» **Exercise goal**: All of the data is to be written out again exactly, without the pictures.
─── Data
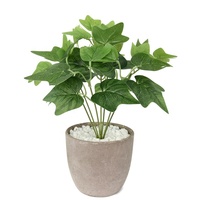 Feuillage artificiel, brindilles de feuilles de lierre variées pour l'arrangement de vases à la maison et la décoration intérieure moderne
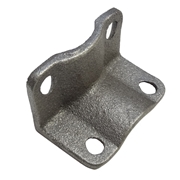 配電盤組枠金具 直角クランプ 鋳物 No.3 CLP-3
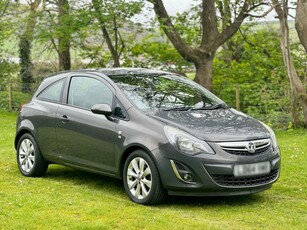 2012 - Vauxhall Corsa ---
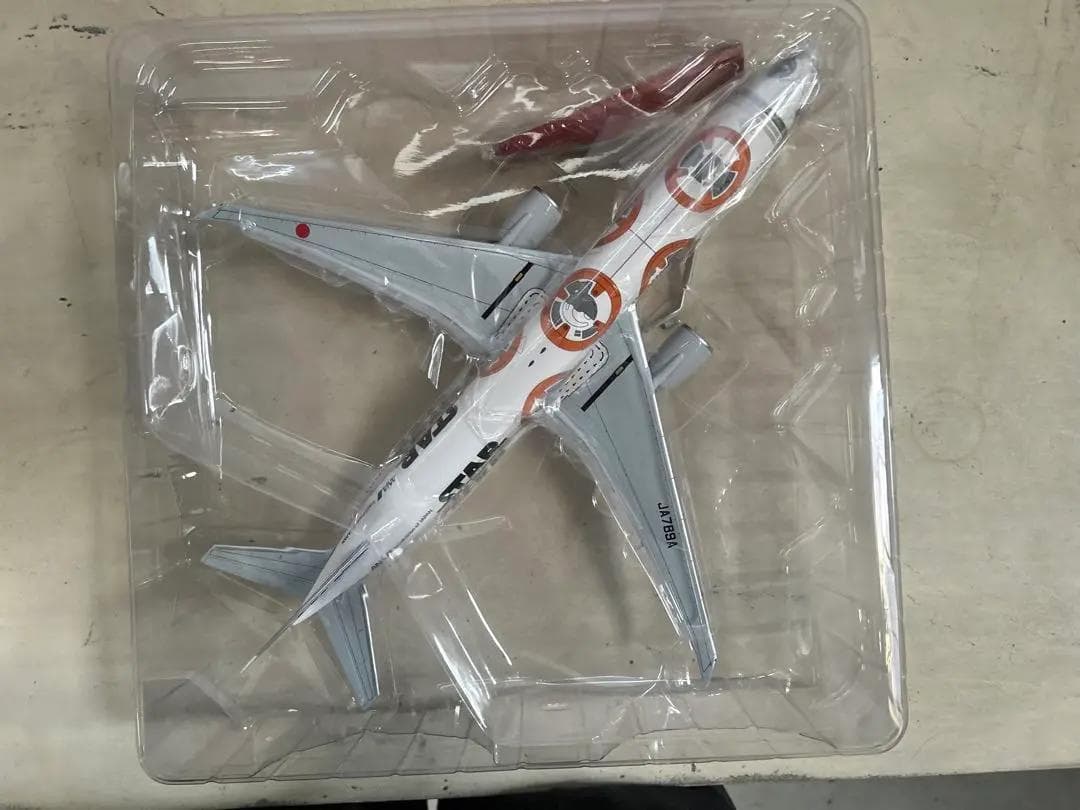全日空商事｜スターウォーズ　STAR WARS｜B777-300ER　BB-8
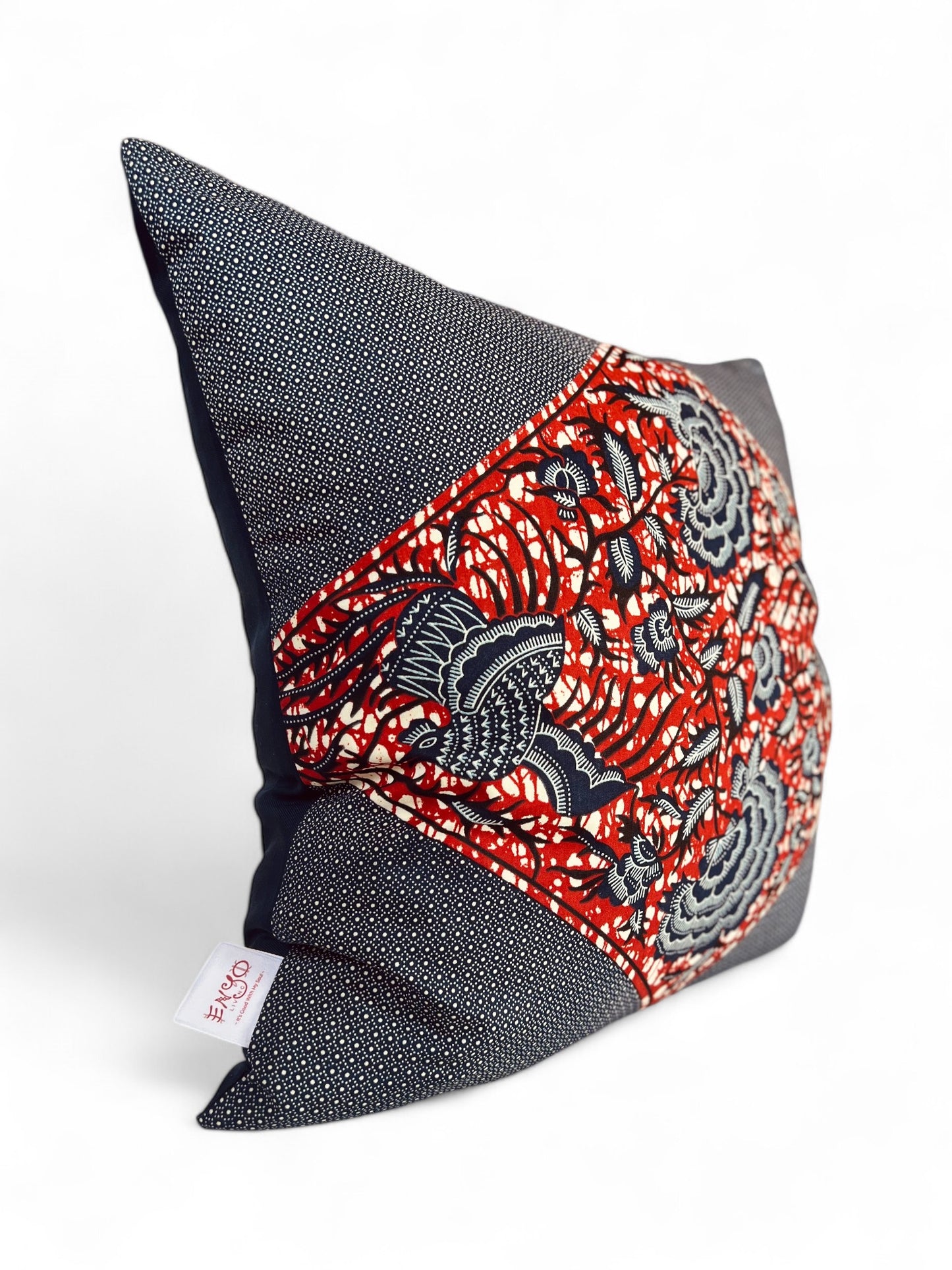 Pillowcase “Pheasant Gardens” - Silky Back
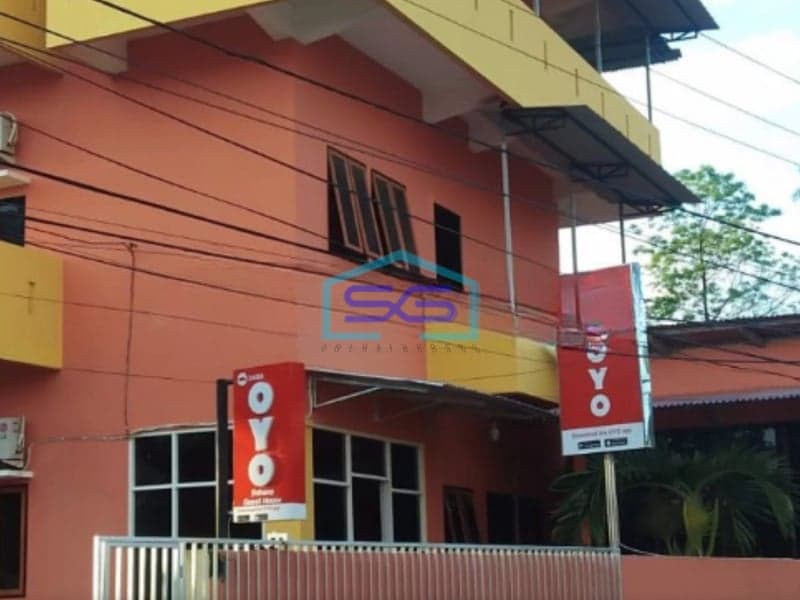 Dijual Ruang Usaha Malalayang Dekat Kampus Kesehatan Dan Area Wisata Malalayang, Manado Luas Bangunan  600 m²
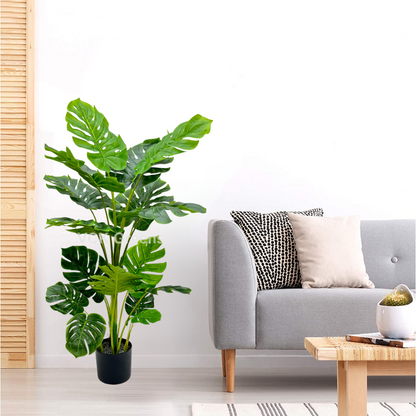 Artificial Monstera Plant 5ft With Pot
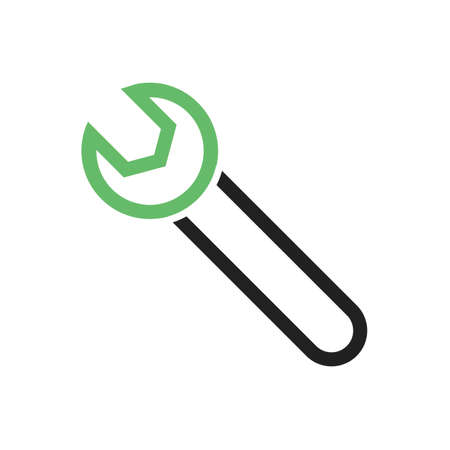 Setting, options iconのイラスト素材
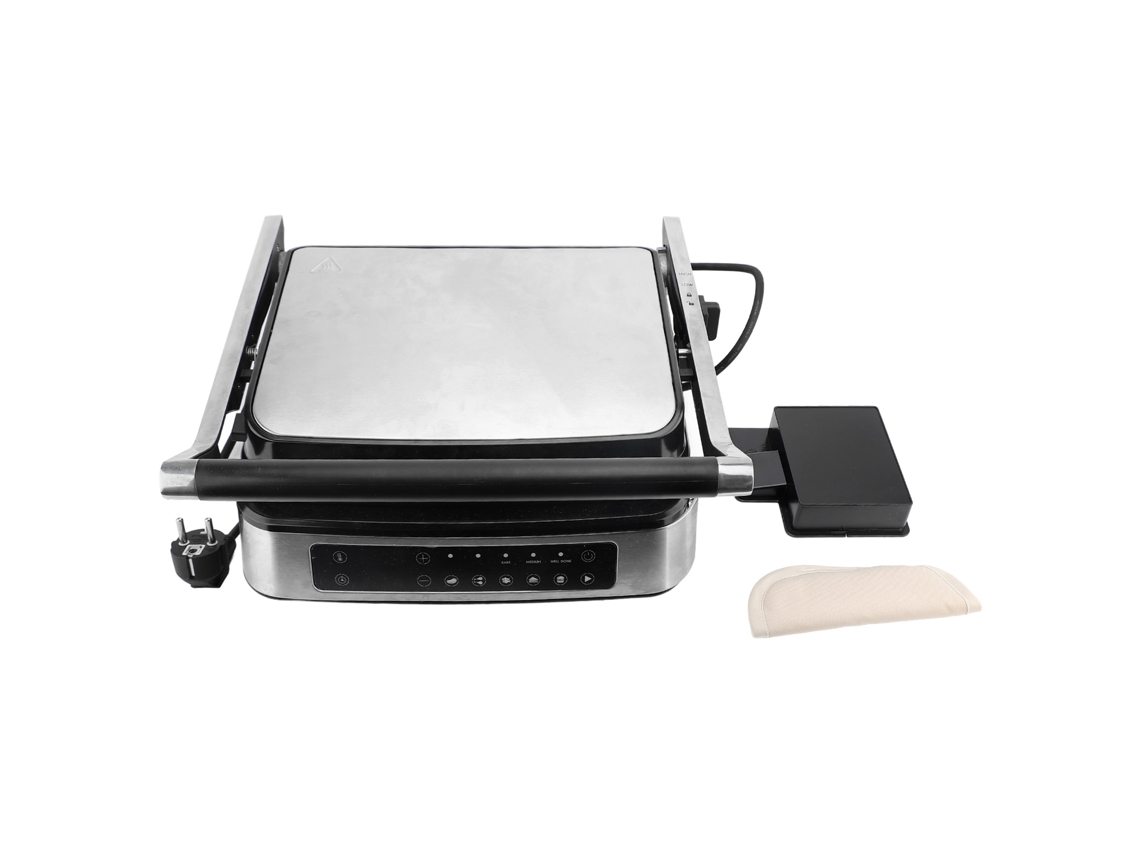 Laxiscreed Grelha E Frigideira Multifuncional De Toque Para Selar E Assar Carne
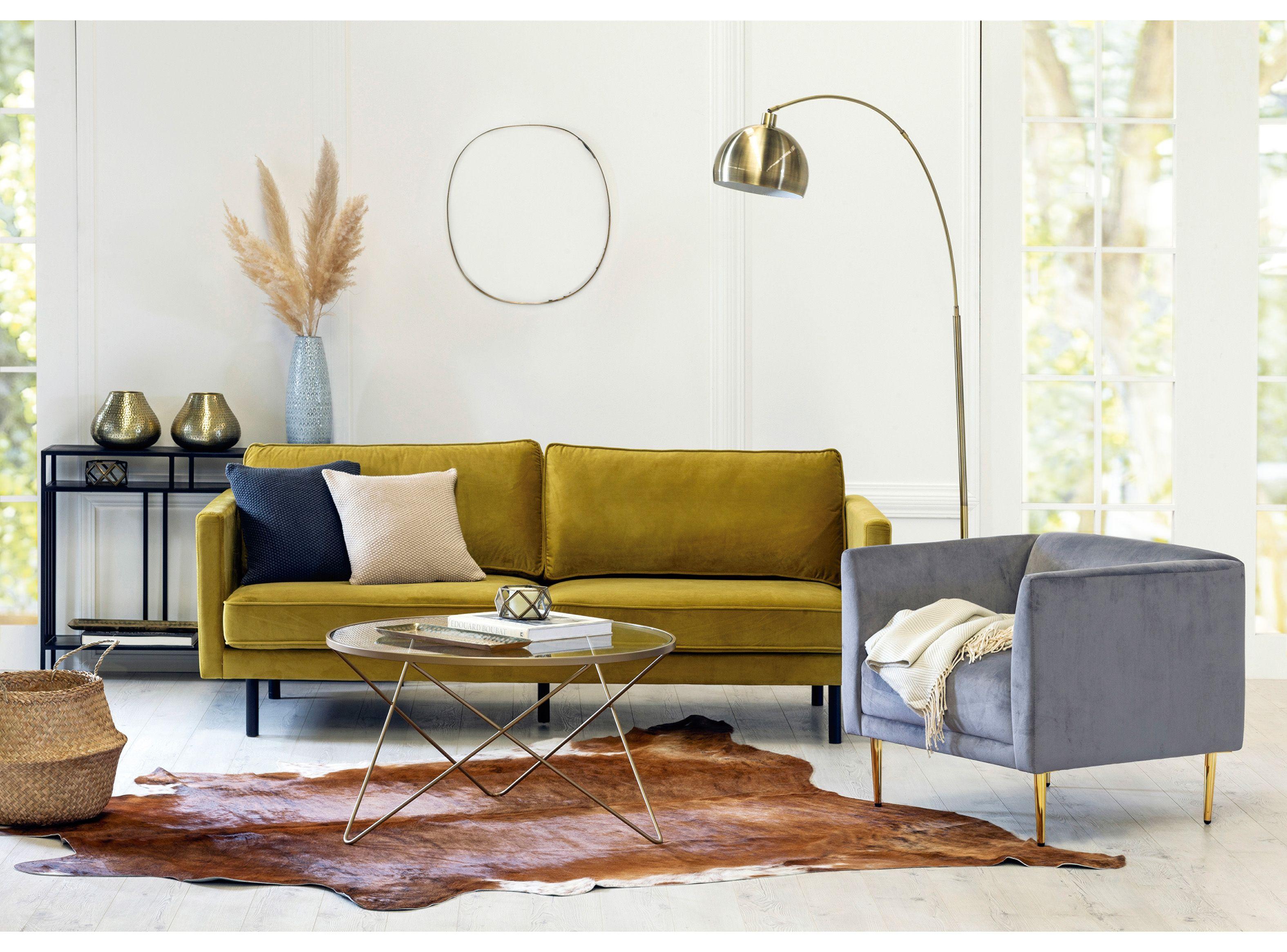 Mesa de Centro Vidrio Garbo 90 cm-6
──────
» **Task answer**:
 Feuillage artificiel, brindilles de feuilles de lierre variées pour l'arrangement de vases à la maison et la décoration intérieure moderne
 配電盤組枠金具 直角クランプ 鋳物 No.3 CLP-3
 2012 - Vauxhall Corsa ---
全日空商事｜スターウォーズ　STAR WARS｜B777-300ER　BB-8
 Pillowcase “Pheasant Gardens” - Silky Back
 Dijual Ruang Usaha Malalayang Dekat Kampus Kesehatan Dan Area Wisata Malalayang, Manado Luas Bangunan  600 m²
 Artificial Monstera Plant 5ft With Pot
 Setting, options iconのイラスト素材
 Laxiscreed Grelha E Frigideira Multifuncional De Toque Para Selar E Assar Carne
 Mesa de Centro Vidrio Garbo 90 cm-6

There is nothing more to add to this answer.